Normalmente, intento que recuerde; que se dé cuenta de lo que realmente está ocurriendo, de cómo ha cambiado todo de manera irremediable. Intento traer a su memoria nuestra última discusión, los gritos, el portazo que dio al marcharse, el escándalo de ira que fue su coche al arrancar. Pero se escabulle. Me dice que olvide eso, que ahora todo anda bien entre nosotros y no tengo por qué disculparme. Ahora lamenta haberse ido así. Cuando volvamos a estar juntos, añade, borraremos todos esos malos recuerdos a golpe de besos.

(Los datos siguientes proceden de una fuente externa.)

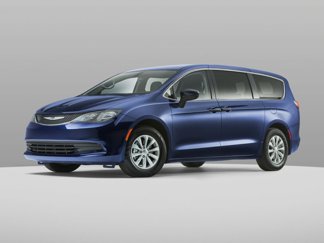Used 2020 Chrysler Voyager L image 1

Casi siempre finaliza la llamada así, poniéndose tierna y optimista, enviándome abrazos de oso y besos color escarlata, deseando estar ya aquí para, según dice, no volver a separarnos ya jamás.

Son las doce y dos minutos y no ha llamado. Quizá ha comprendido y ha decidido someterse de una vez por todas a la fuerza de las cosas. Asumir la lejanía. Dejar de llamarme.

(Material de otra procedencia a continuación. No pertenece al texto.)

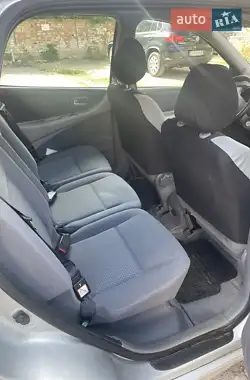 Nissan Almera Tino 2004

Cualquiera en mi situación evitaría coger el teléfono (ese mismo que mantengo aseado junto a mí y cuya línea compruebo varias veces al día). O le explicaría claramente lo que ocurre. Pero no me siento con fuerzas para hacerlo.

Procuro, antes bien, que lo averigüe por sí misma, que se percate por sí sola del cambio ineluctable en el estado de las cosas. A lo mejor es que en realidad no quiero dejarla partir del todo y, en el fondo, me aferro a esas llamadas nocturnas como si eso pudiera dar marcha atrás al tiempo y su irreversible cadena de acontecimientos; evitar que ella diera aquel portazo o que arrancara, con furia, su coche, con las ruedas sobre el asfalto de una carretera que la alejaría de mí para siempre; impedir la llamada posterior, realizada desde su móvil por los servicios de emergencia, que habían llegado demasiado tarde para hacer algo que no fuera certificar un óbito.

Son las doce y cuatro minutos. No llama. Estoy sentado al borde de la cama. Miro al teléfono. Más que mirarlo, lo acaricio con los ojos. Sé que sonará de un momento a otro. Tiene que hacerlo. Sé que sonará. Tiene que hacerlo.